This post can be regarded a start to understand this MO Post.
Consider the following real Lie group $$ \mathrm{GU}(r,s) := \{ g \in \mathrm{GL}_{r+s}(\mathbb{C}): {}^{t}\overline{g} I_{r,s} g = \lambda(g) I_{r,s}, \text{ for some } \lambda(g) \in \mathbb{R}^{\times} \}, $$ where $I_{r,s} = \mathrm{diag}(I_r, -I_s)$, $r \geq s \geq 0$.
Question 1: How to compute its Lie algebra $\mathfrak{gu}(r,s)$? Moreover, what is the adjoint action $\mathrm{Ad}: \mathrm{GU}(r,s) \rightarrow \mathrm{Aut}(\mathfrak{gu}(r,s))$?

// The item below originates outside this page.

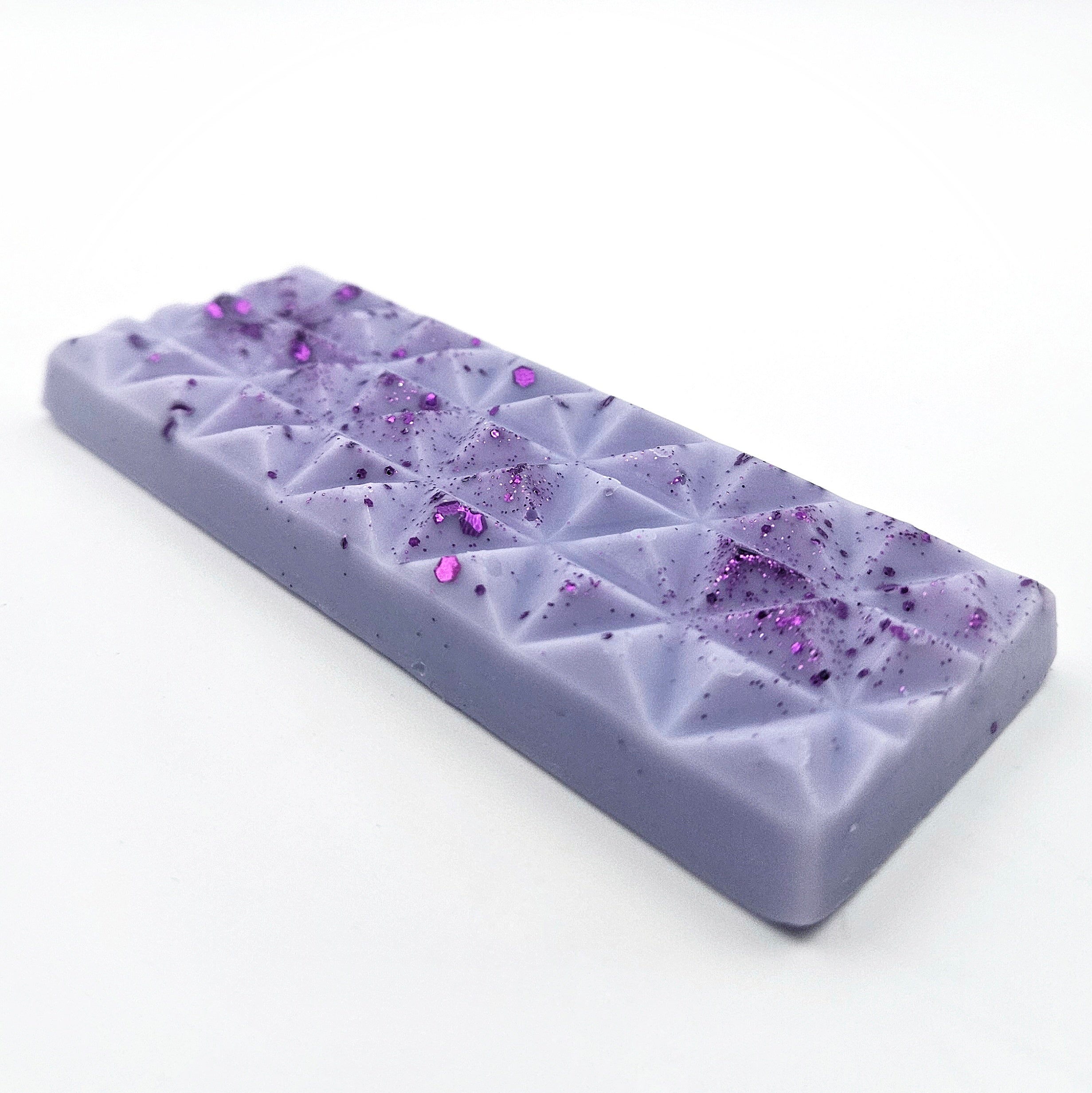 Hugs From Home | Peony, Rose and Oud Wax Melt Snap Bar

I have searched in Math.SE and Mathoverflow, and it seems that no post has even touched this. I have read the proof of determining the Lie algebra $\mathfrak{u}(n)$ of the definite unitary group $U(n)$ without similitude. But I am still puzzled on how to compute $\mathfrak{gu}(r,s)$, as there are two generalizations: from the $(n,0)$-case to $(r,s)$-case, and carrying a (possibly nontrivial) similitude $\lambda: \mathrm{GU}(r,s) \rightarrow \mathbb{R}^{\times}$. For the adjoint action, it seems that it is the usual matrix conjugation action as in linear groups. Yet the extra similitude factor makes me uncertain.
My motivation is considering the Shimura variety of $\mathrm{GU}(r,s)$:
Let $E/\mathbb{Q}$ be an imaginary quadratic extension, $r \geq s \geq 0$ and $n=r+s$. Let $V$ be an $n$-dimensional $E$-vector space. Upon fixing a basis, it is equipped with an Hermitian pairing $$ H: V \times V \rightarrow E, \quad (u,v) \mapsto u^{\ast} I_{r,s} v, $$ where $u^{\ast} = {}^{t}\overline{u}$ and $I_{r,s} = \mathrm{diag}(I_r, -I_s)$. Then we define the general unitary group over $\mathbb{Q}$ as $$ GU(r,s)(R) := \{g \in \mathrm{GL}_{E \otimes_{\mathbb{Q}} R}(V \otimes_{\mathbb{Q}} R) : H(gu,gv) = \lambda(g) H(u,v), \exists \lambda(g) \in R^{\times}, \forall u,v \in V \otimes_{\mathbb{Q}} R \}, $$ for any $\mathbb{Q}$-algebra $R$. Then its group of real points is the real Lie group at the beginning. I want to verify the axiom (SV1) of the "Shimura datum" $(\mathrm{GU}(r,s), X)$, so I hope to know the Lie algebra.
Here $X$ is the $GU(r,s)(\mathbb{R})$-conjugacy class of the Hodge structure $$ h_0: \mathbb{S} \rightarrow \mathrm{GU}(r,s)_{\mathbb{R}}, \quad z \mapsto \mathrm{diag}(z I_p, \overline{z} I_q). $$
Question 2: What does $X$ and its connected component $X^{+}$ look like? Moreover, I have heard someone said that the "$p=q$" case and the $p \neq q$ case is "totally different". But I have no feeling on this. Could someone elaborate on this?
In Lan Kai-wen's great note, he computed the $X = \mathcal{H}_{r,s}$ explicitly for the group $U(r,s)$, and only claimed that with the similitude, the $X$ should be $\mathcal{H}_{r,s}^{\pm}$. But I cannot see how the mysterious similitude factor $\lambda$ is involved in the computation. It looks like the shift from $\mathrm{GL}_2^{+}$ to $\mathrm{GL}_2$, but I cannot make it precise.
Question 3: Regarding the $G:=\mathrm{GU}(r,s)$ as an algebraic group over $\mathbb{R}$, what is its adjoint part $G^{\mathrm{ad}}$?
So I may be able to check (SV2).
Thank you all for answering and commenting (on either of the subquestions)! As this example of Shimura variety is frequently used, I tend to believe that these computations have been accomplished and written somewhere yet I cannot found. So any references are also welcome!